▶ SOURCE DATA:
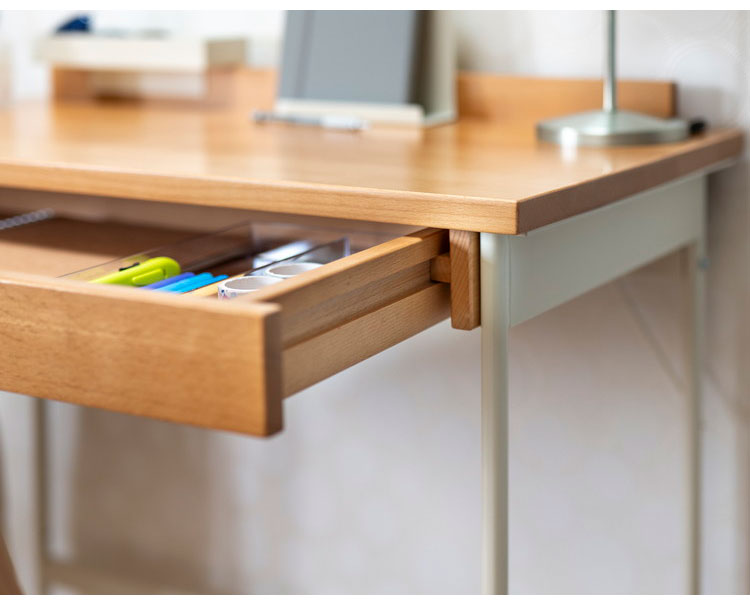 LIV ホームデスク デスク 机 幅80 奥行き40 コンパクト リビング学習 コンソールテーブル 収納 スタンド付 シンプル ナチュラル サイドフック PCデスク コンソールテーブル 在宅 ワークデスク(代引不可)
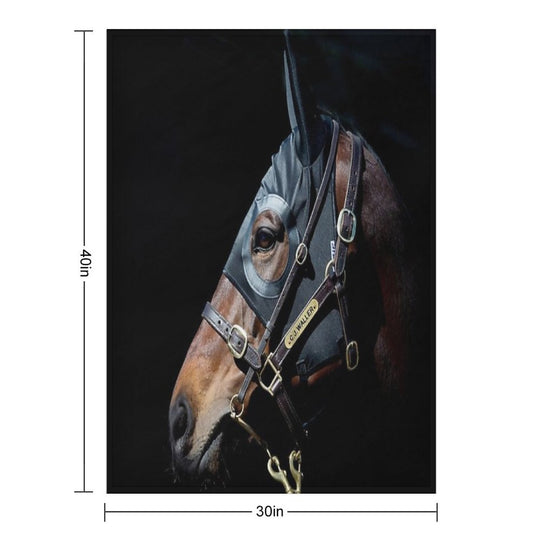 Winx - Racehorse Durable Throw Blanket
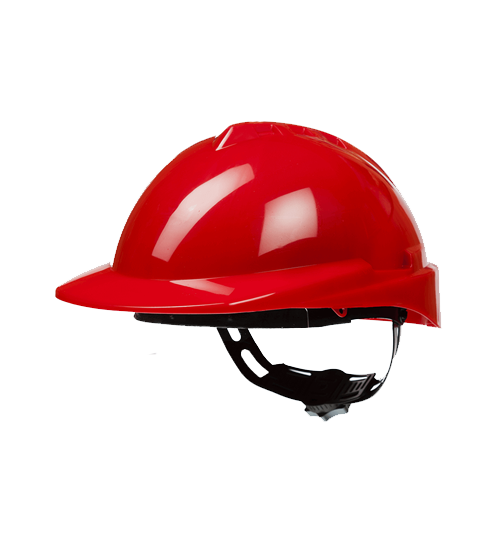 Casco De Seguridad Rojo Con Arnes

▶ PROMPT: Give an exact copy of the listing above that leaves out every picture.

▶ OUTPUT:
 LIV ホームデスク デスク 机 幅80 奥行き40 コンパクト リビング学習 コンソールテーブル 収納 スタンド付 シンプル ナチュラル サイドフック PCデスク コンソールテーブル 在宅 ワークデスク(代引不可)
 Winx - Racehorse Durable Throw Blanket
 Casco De Seguridad Rojo Con Arnes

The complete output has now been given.